# Trigger pull



## oldman82 (Sep 26, 2014)

Does anyone know what the trigger pull is on a Px4 Storm compact 9mm? 
My wife is looking at getting a new handgun, her Walther PK380 is ok but she wants something different to use for her CHL qualification. I looked at the Beretta web site and found no information there, I would appreciate any info anyone might have.
Thanks


----------



## Cait43 (Apr 4, 2013)

Google is our friend.........

The double-action trigger pull is long and smooth, without any take-up and a clean break at around 10 - 12 pounds. The single-action trigger pull has quite a bit of take-up until it breaks at about 4 - 5 pounds.
Gun Review: Beretta PX4 Storm Inox 9mm - The Truth About Guns


----------



## denner (Jun 3, 2011)

It's a good one. On my specimen I'd want to say between 8-10 pounds DA and a short DA pull as far as DA's go.


----------



## Greybeard (Mar 17, 2013)

It is long smooth and heavy in DA and light and crisp in SA. I also have an M&P9 and the recoil of the PX4 is much different. It is more of a push and not so much a jump or kick. I'm not crazy about the safety however. It is DOWN for safe/d-cock and UP to fire and impossible for me to work with my right thumb. I can put it to SAFE/D-COCK with my thumb but can not for the life of me push it up to FIRE with my right thumb. It is also shaped to be comfortable to place to safe but very sharp and un-comfortable to place in the fire position. But, this thread is not about the safety, it is about the trigger which is IMHO great.


----------



## denner (Jun 3, 2011)

Greybeard said:


> It is long smooth and heavy in DA and light and crisp in SA. I also have an M&P9 and the recoil of the PX4 is much different. It is more of a push and not so much a jump or kick.
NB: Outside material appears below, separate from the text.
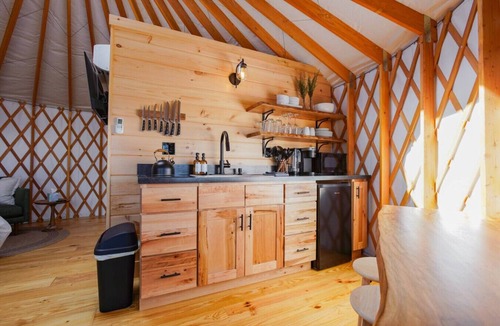 Knox Dale RV Rental | Horizon Hideout | Hot Tub, Mountain Views, Nature Escape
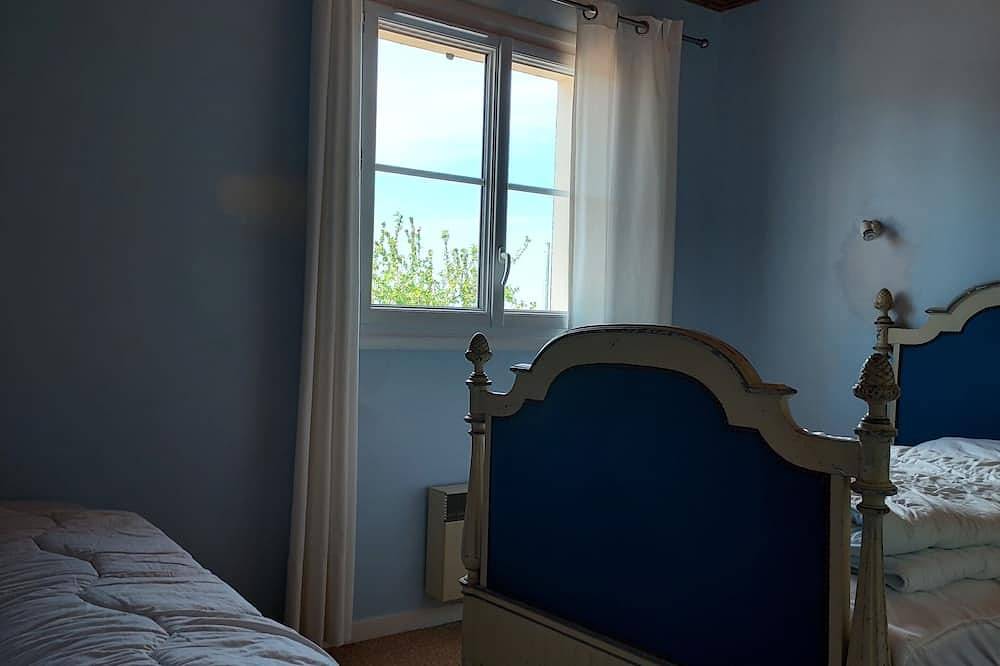 Spacieuse maison familiale bord de mer avec grand jardin in Le Bernard, Vendée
I'm not crazy about the safety however. It is DOWN for safe/d-cock and UP to fire and impossible for me to work with my right thumb. I can put it to SAFE/D-COCK with my thumb but can not for the life of me push it up to FIRE with my right thumb. It is also shaped to be comfortable to place to safe but very sharp and un-comfortable to place in the fire position. But, this thread is not about the safety, it is about the trigger which is IMHO great.


Just a thought, but if the safety gives you that much trouble you are aware that it can simply be converted to a "G" model making the safety/decocker just a decocker?


----------



## Greybeard (Mar 17, 2013)

denner said:


> Just a thought, but if the safety gives you that much trouble you are aware that it can simply be converted to a "G" model making the safety/decocker just a decocker?


I personally like having a manual safety on a range gun, I just don't care for the way the one on the PX4 is designed. Obviously not a game changer for me as I own and intend to keep the gun.


----------